There was "no breakthrough yet but definitely no failure," said the diplomat on condition of anonymity, speaking after the negotiations between Iran and P5+1 powers – Britain, France,
the United States, Russia and China plus Germany.
"The collective assessment of the group was that some more time would still be needed; that was not just the assessment of the French," the source added, referring to reports in some quarters blaming France for holding up a deal.
Ashton, Zarif in Geneva (Photo: EPA) Geneva talks (Photo: AP)
The talks were "very intensive, very complex, very detailed and constructive," the diplomat added, saying that an agreement to return to the negotiating table as early as next week "shows how serious we are."
It was "crucial to keep momentum," the source said.
In the latest marathon round of the years-long talks, hopes of finally reaching a deal soared after foreign ministers from the P5+1 powers rushed to the Swiss city to join the meeting at the weekend.
When it ended inconclusively some laid the blame on France, whose Foreign Minister Laurent Fabius raised concerns over a heavy water reactor being built at Arak, an issue which was introduced into the negotiations recently by global powers.
Meawhile, Britain's Foreign Secretary William Hague said world powers would lift some of the sanctions they have imposed on Iran if a preliminary deal over its nuclear program could be reached.
"An interim agreement would involve offering Iran limited, proportionate sanctions relief," Hague told the British parliament, reiterating that a "deal is on the table ... and can be reached".
Britain wanted an interim agreement with Iran as a first step towards a full deal on Tehran's disputed nuclear program, he added, in an update to lawmakers. Despite reports to the contrary, he said world powers had a united stance in talks with Iran at the weekend and that no one country had vetoed a deal.
Speaking Monday in Abu Dhabi, US Secretary of State John Kerry accused Iran of walking away from a deal at the Geneva talks.
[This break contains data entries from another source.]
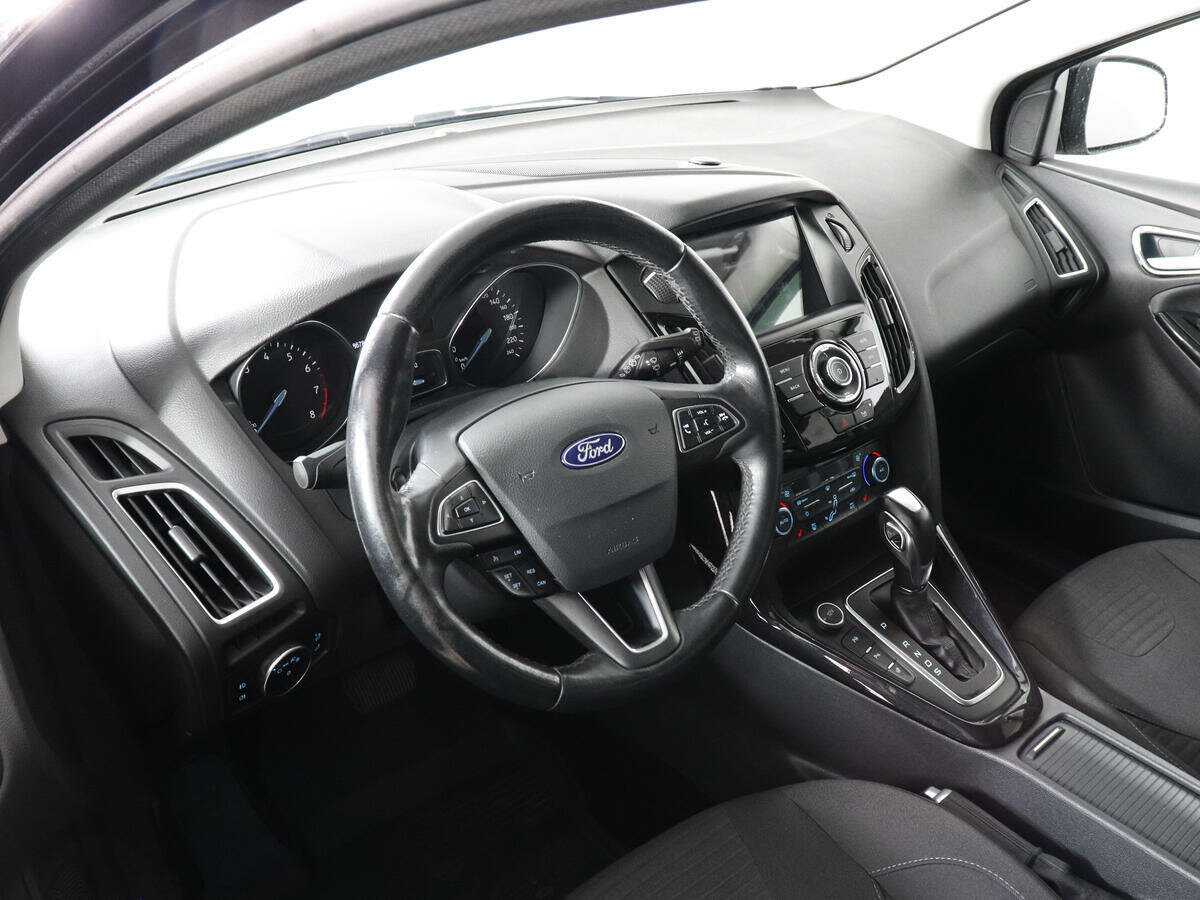 Ford Focus 2017 года с пробегом. Фото: #8
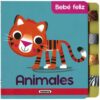 Portada ANIMALES    -  BEBE FELIZ - EDICIONES, SUSAETA - SUSAETA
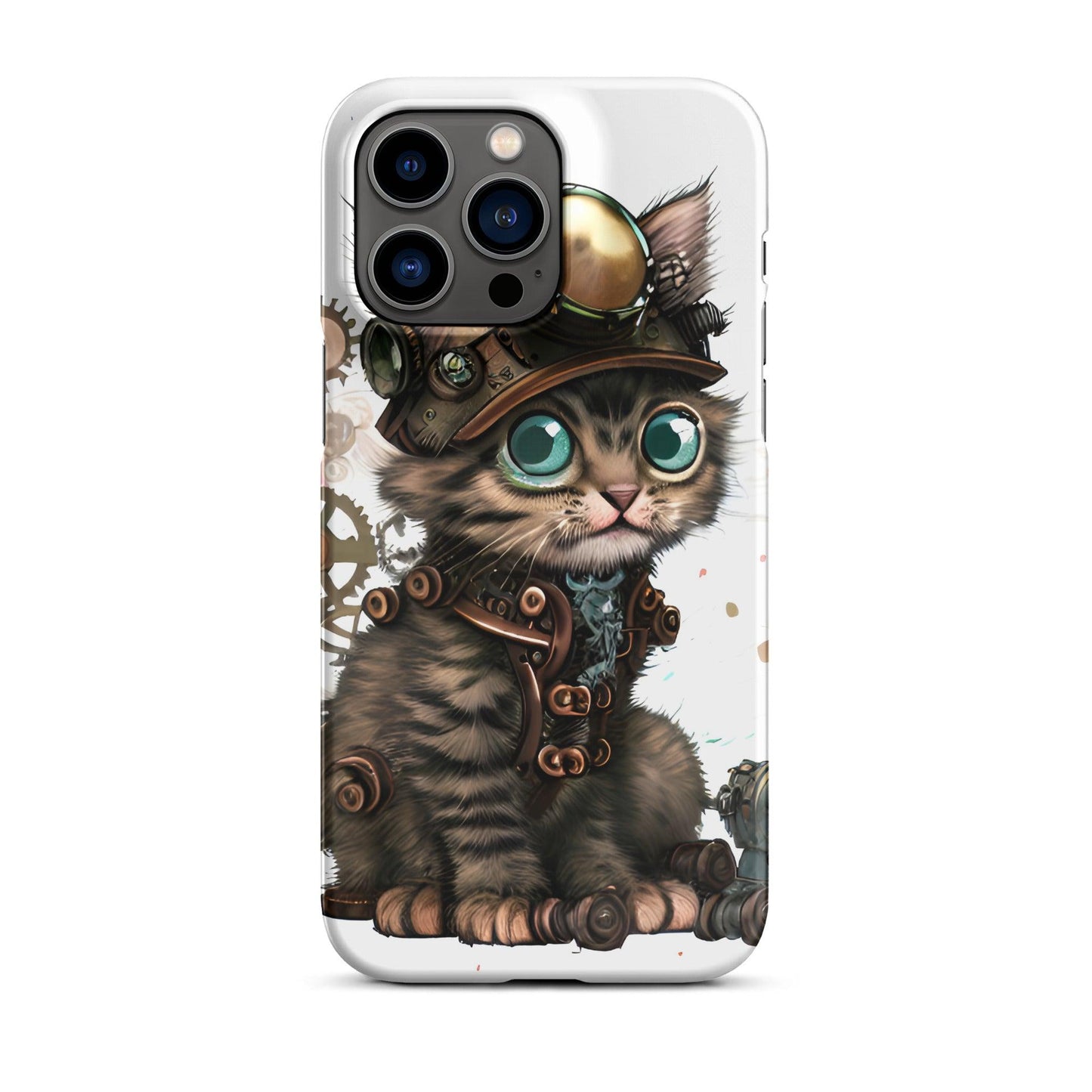 Coghearted Kitten - Snap case for iPhone® - ArtCursor
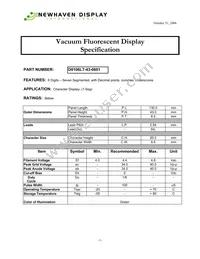 D0106LT-43-0601 Datasheet Page 2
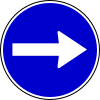 Turn right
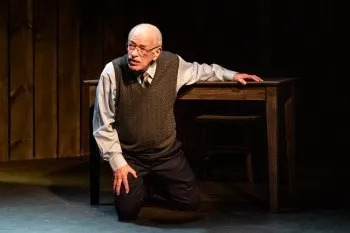 The Happiest Man On Earth – Review - Southwark Playhouse A vitally necessary memoir of surviving the Holocaust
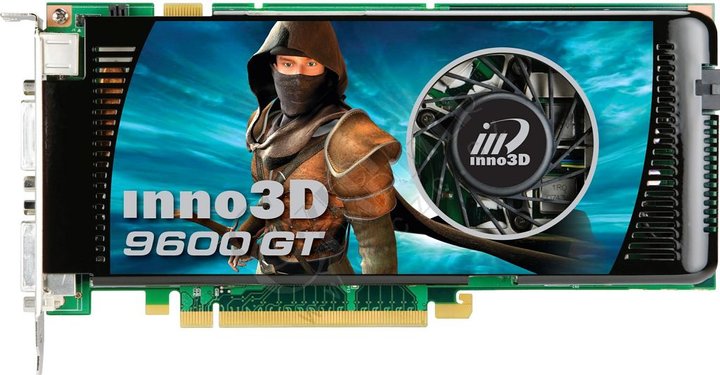 Inno3D GeForce 9600GT 512MB, PCI-E_519811585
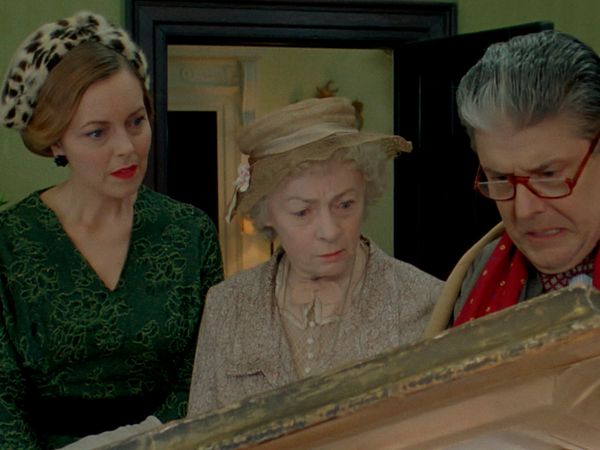 Agatha Christie: Miss Marple ES - El cuadro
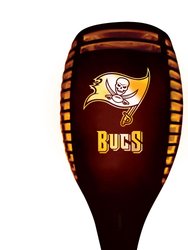 NFL Tampa Bay Buccaneers Team LED Solar Torch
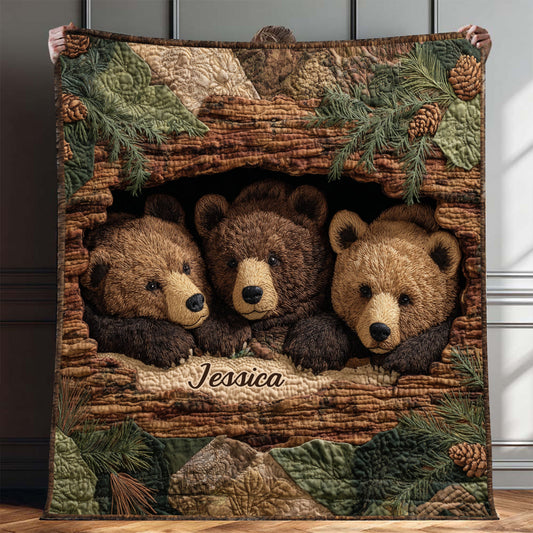 Couverture de chasse personnalisée « Love Hunting »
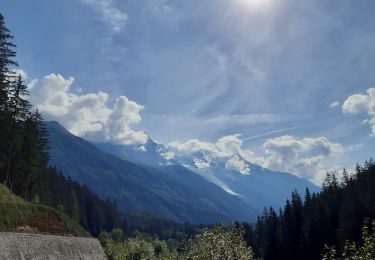 Trail Motorbike Montvalezan - mont blanc j2 - Photo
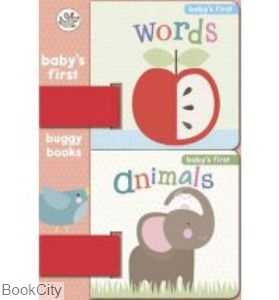 Baby's First Buggy Books Words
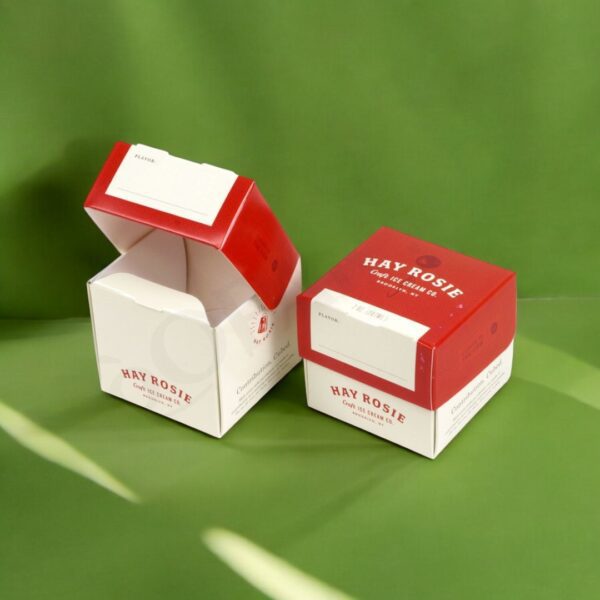 Cream Boxes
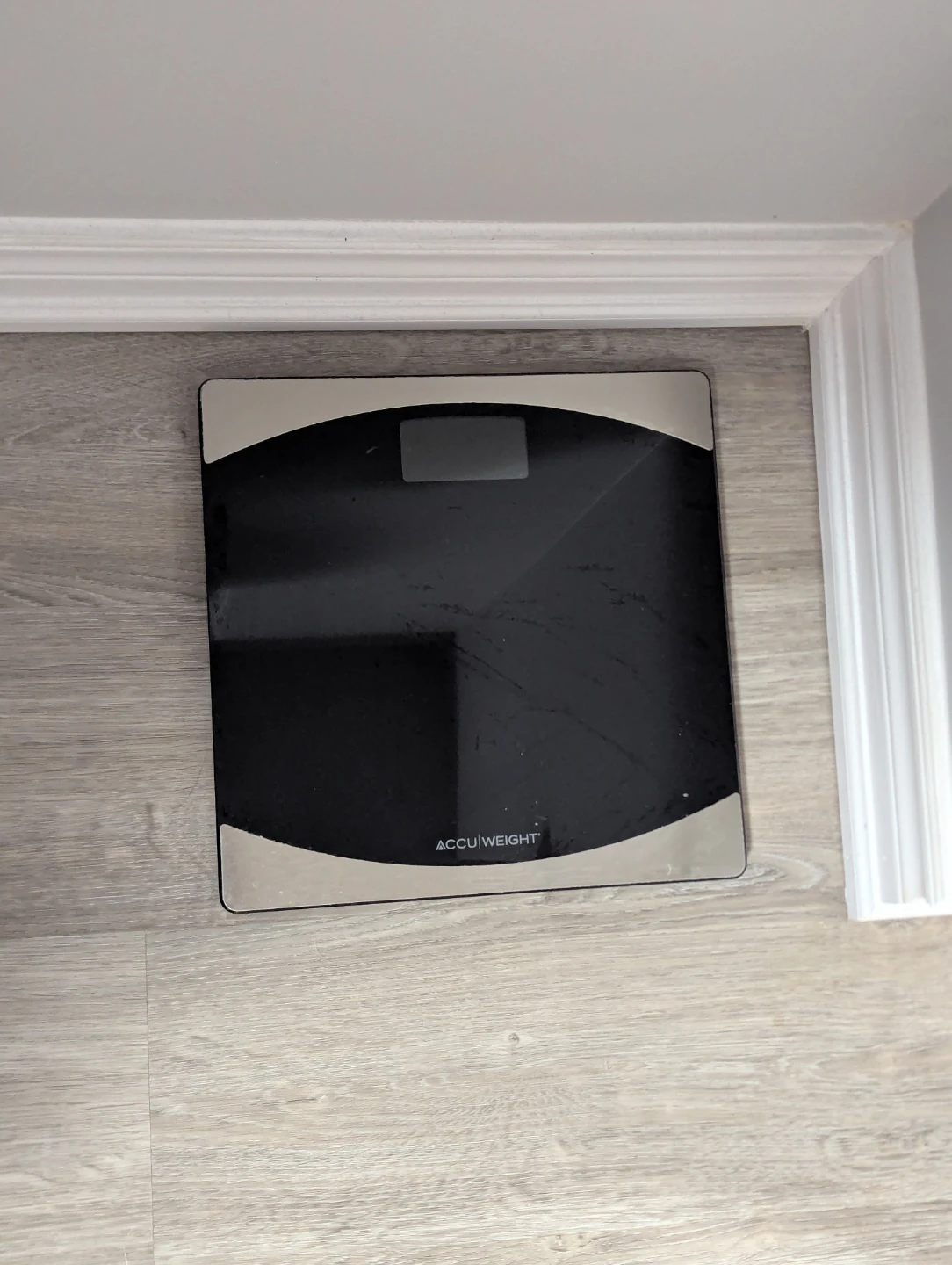 Accuweight Digital Bathroom Scale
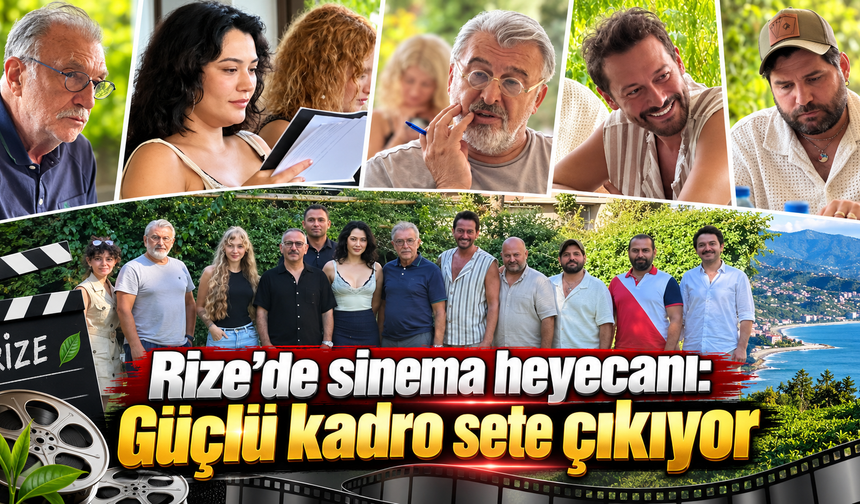 Karadeniz Güzeli için geri sayım bitti:İlk adres Rize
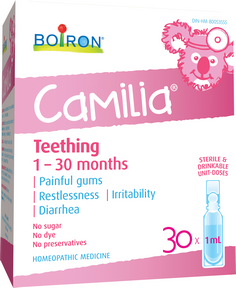 Boiron Camilia Baby Teething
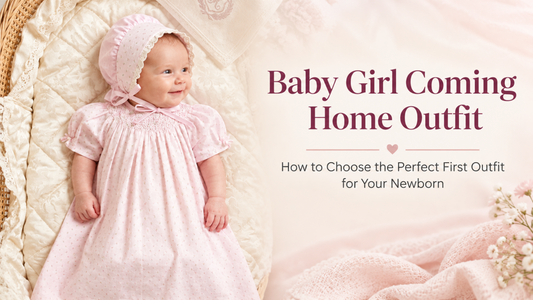 Baby Girl Coming Home Outfit: How to Choose the Perfect First Outfit for Your Newborn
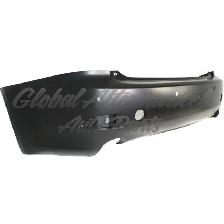 Lexus Is250 Sedan 2006-2008 Bumper Rear Primed W/Sensor Hole - Photo 4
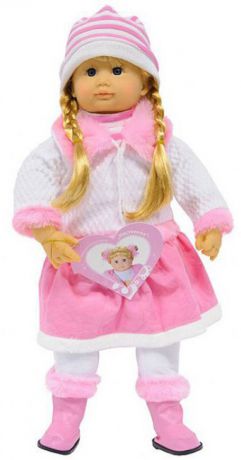 TongDe Настенька 60 см (В71863) - интерактивная кукла (Pink)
"The P5+1 was unified on Saturday when we presented our proposal to the Iranians... But Iran couldn't take it, at that particular moment they weren't able to accept," said Kerry.
Against the backdrop of deep disagreement between Israel
and the United States regarding a possible nuclear deal with Iran, Defense Minister Moshe Ya'alon
warned Monday of complacency. "We believe that (Iranian President Hassan) Rohani and his foreign minister know how to deceive and manipulate – and have been so far successful," said Ya'alon at the Jewish Federations of North American General Assembly, which is held in Jerusalem.